04 January 2018

Poetry Thursday - August Rain, After Haying by Jane Kenyon

May 9 White Barn Black Cows Original Painting, painting by artist Toni Grote
Before the rain, perhaps (painting by Toni Grote (via))

August Rain, After Haying
Through sere trees and beheaded
grasses the slow rain falls.
Hay fills the barn; only the rake
and one empty wagon are left
in the field. In the ditches
goldenrod bends to the ground.
Even at noon the house is dark.
In my room under the eaves
I hear the steady benevolence
of water washing dust
raised by the haying
from porch and car and garden
chair. We are shorn
and purified, as if tonsured.
The grass resolves to grow again,
receiving the rain to that end,
but my disordered soul thirsts
after something it cannot name.

                  - Jane Kenyon (1947-1995)

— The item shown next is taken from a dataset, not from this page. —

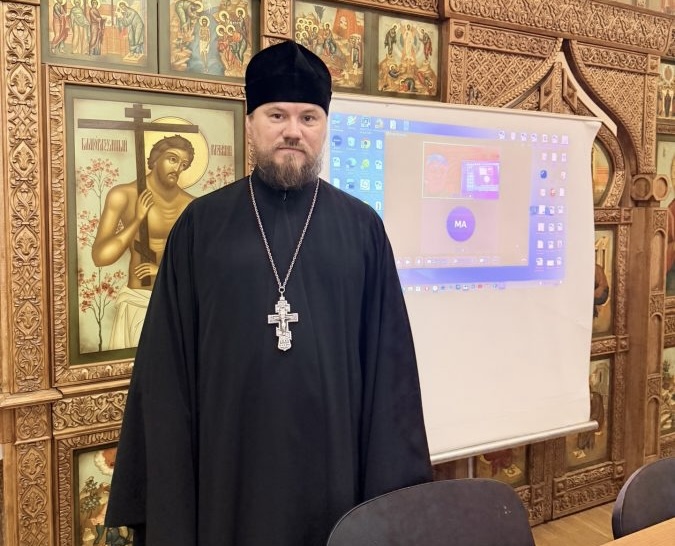 Настоятель храма Иерусалимской иконы Божией Матери города Таганрога принял участие в работе научной конференции в городе Москве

One poem leads to another. I found this one while looking for information about Jane Duran - it appears in a "poetry workshop" from 2006.

Jane Kenyon was New Hampshire's poet laureate at the time of her untimely death at the age of 47. She was noted for verse that probed the inner psyche, particularly with regard to her own battle against the depression that lasted throughout much of her adult life.  She also explored the cycles of nature: the fall of light from day to dusk to night, and the cycles of relationships with family and friends throughout a long span of years brought to a close by death.

She has been compared with Keats: "like Keats, she attempts to redeem morbidity with a peculiar kind of gusto, one which seeks a quiet annihilation of self-identity through identification with benign things." Find more of her poems here.

1 comment:

patty a. said...

I am not much of a poetry person, but I love the painting.